Short text fragments from websites
▼
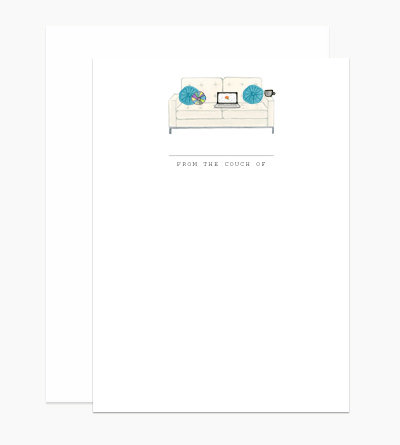 A couch illustration gives Dear Hancock's "From the Couch of" stationery ($14 for six) a playful style.
A couch illustration gives Dear Hancock's "From the Couch of" stationery ($14 for six) a playful style.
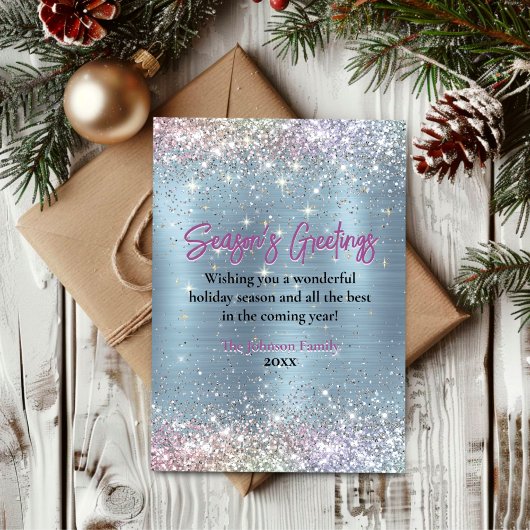 Chique ijsblauw glitter Kerst nieuwjaarskaart groe Kaart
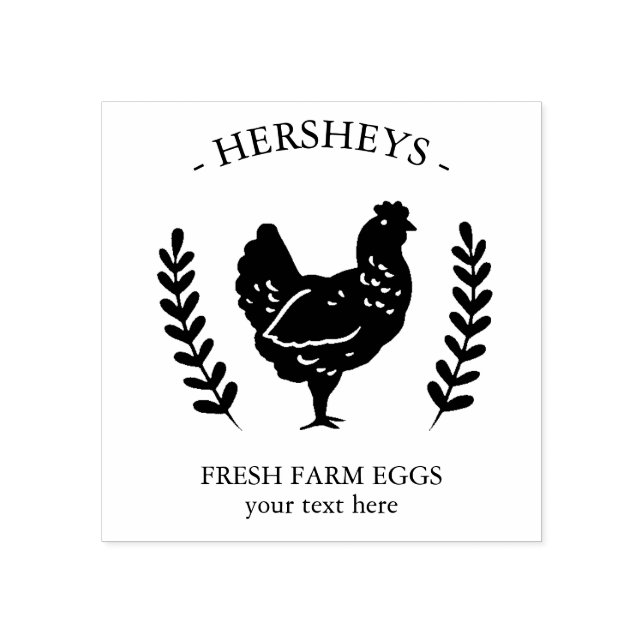 Poultry Farm Custom Fresh Eggs Wood Art Stamp (Imprint)
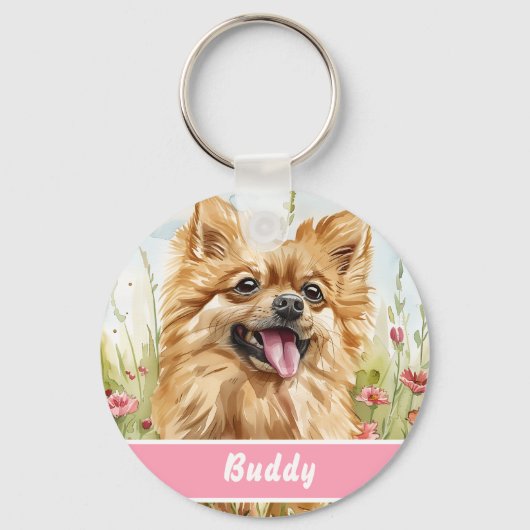 Pomeranian ID Tag – Add Name & Contact キーホルダー (正面)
▲
§ What the exercise asks:
Keep the pictures out and write out the records exactly.

§ Task result:
 A couch illustration gives Dear Hancock's "From the Couch of" stationery ($14 for six) a playful style.
A couch illustration gives Dear Hancock's "From the Couch of" stationery ($14 for six) a playful style.
 Chique ijsblauw glitter Kerst nieuwjaarskaart groe Kaart
 Poultry Farm Custom Fresh Eggs Wood Art Stamp (Imprint)
 Pomeranian ID Tag – Add Name & Contact キーホルダー (正面)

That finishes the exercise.